NOTE: All figures are 9 months ended September 30, 2020 over 9 months ended September 30, 2019.

  • American Airlines (NASDAQ: AAL) – The most levered airline out of the “Big 3” in the United States, AAL cut capacity by 49% in response to the travel restrictions brought on by the COVID-19 pandemic. It took a bigger hit on passenger yield (down 7%) and suffered a far more drastic change in Non-GAAP EBIT margin (down 7500 bps) than both Delta and United. The airline has initiated an intensive fleet restructuring program by accelerating the retirement of 150 aircraft bringing the total type of aircraft in its mainline fleet down from eight to four.
  • United Airlines (NASDAQ: UAL) – UAL cut capacity (down 57%) more aggressively than others but managed to increase passenger yield by 1%. Passenger revenue declined 68% and Non-GAAP cost per ASM went up 50%, each change worse than any other major airline in the U.S., resulting in a Non-GAAP EBIT margin contraction of 6700 bps. Unlike its competitors, UAL has not announced any major plans to retire mainline aircraft and has chosen to temporarily park them instead. 
  • Delta Airlines (NYSE: DAL) – DAL reduced capacity by 53% and announced plans to retire over 200 aircraft in the year including the flagship Boeing 777s. While passenger yield went down by only a percent, the steep decline in load factor (down 2700 bps) meant that passenger revenue decreased by 68%. Non-GAAP EBIT margin shrank by 6300 bps. The airline has extended its policy of blocking middle seats until March 30, 2021.

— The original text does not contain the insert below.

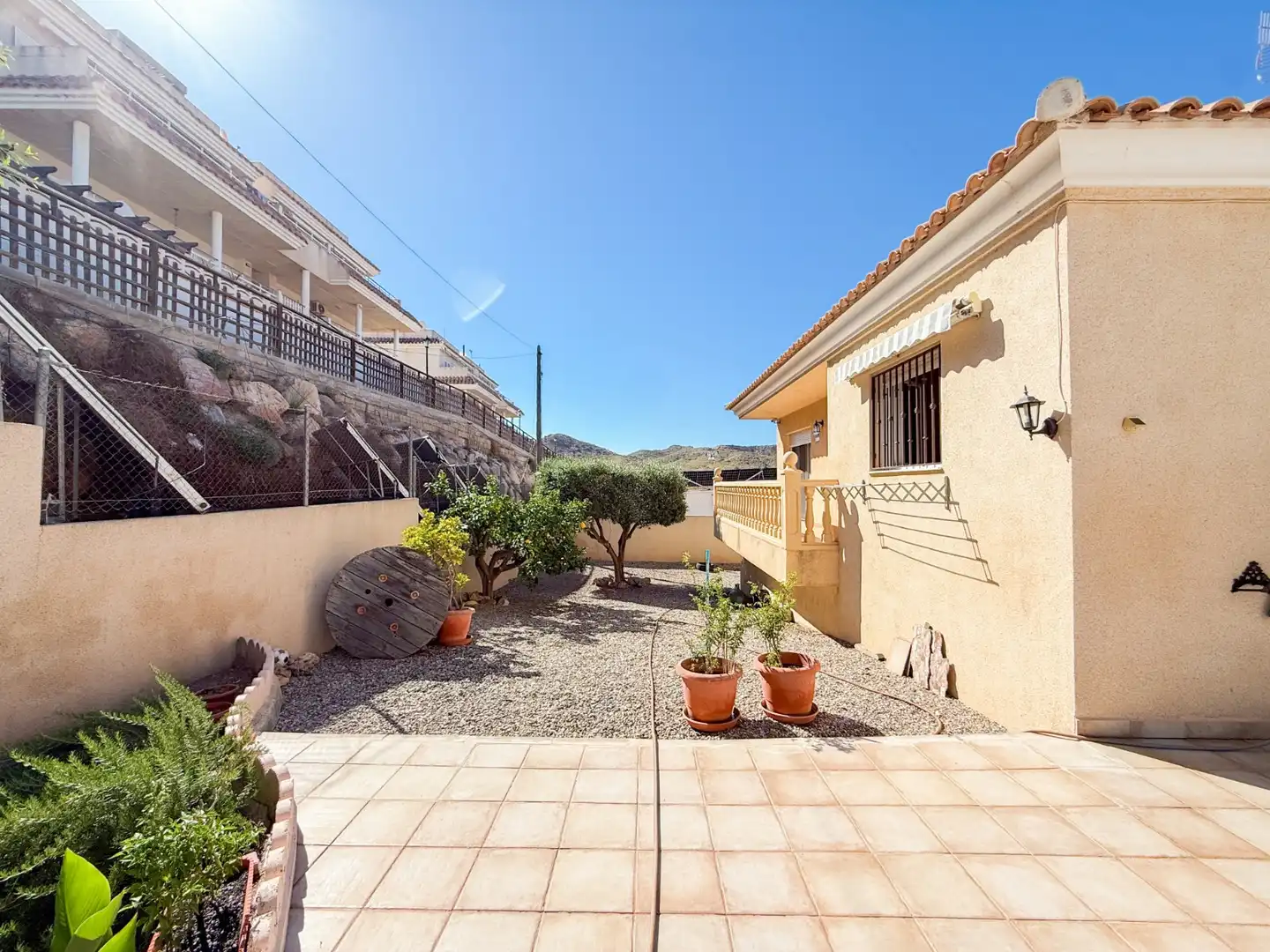 Vista exterior de Casa o chalet en venta en Águilas con Terraza, Trastero y Piscina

Above:  All data sourced from Canalyst models

  • Southwest Airlines (NYSE: LUV) – The world’s largest low-cost carrier, Southwest Airlines was the most conservative in cutting capacity (down only 32%) during the pandemic. This resulted in a drastic 3200 bps decrease in load factor, the worst of all other major U.S. carriers. Passenger yield was down 8% while passenger revenue was down 61%. Non-GAAP EBIT margin contracted by 6800 bps. The airline has placed approximately 100 aircraft in long-term storage including 34 Boeing 737 MAX aircraft. This is noteworthy as Southwest is Boeing’s largest customer. 
  • Alaska Air Group (NYSE: ALK) – ALK cut capacity by 45% but managed to increase passenger yield by 2%. Non-GAAP cost per ASM went up by 28%, lower than the industry average of 32%. Combined, these resulted in a Non-GAAP EBIT margin reduction of 5900 bps, better than any other major U.S. airline. 
  • JetBlue Airways (NASDAQ: JBLU) – JetBlue cut capacity by 49% suffering a 2600 bps contraction in load factor during the process. Passenger yield was up 4%. However, a 36% increase in Non-GAAP cost per ASM, the highest outside of the “Big 3” airlines, resulted in the Non-GAAP EBIT margin declining by 7400 bps. The airline has deferred deliveries of Airbus aircraft that were scheduled over the next few years and reduced capex by approximately $2 billion between 2020 and 2022.
  • Spirit Airlines (NYSE: SAVE) – SAVE cut capacity by 36%. It witnessed a 13% drop in yield, the most in the industry. However, load factor only came down by 1500 bps leading to passenger and total revenue declines of 54% each, the lowest declines in the industry. Non-GAAP EBIT margin declined by 6300 bps.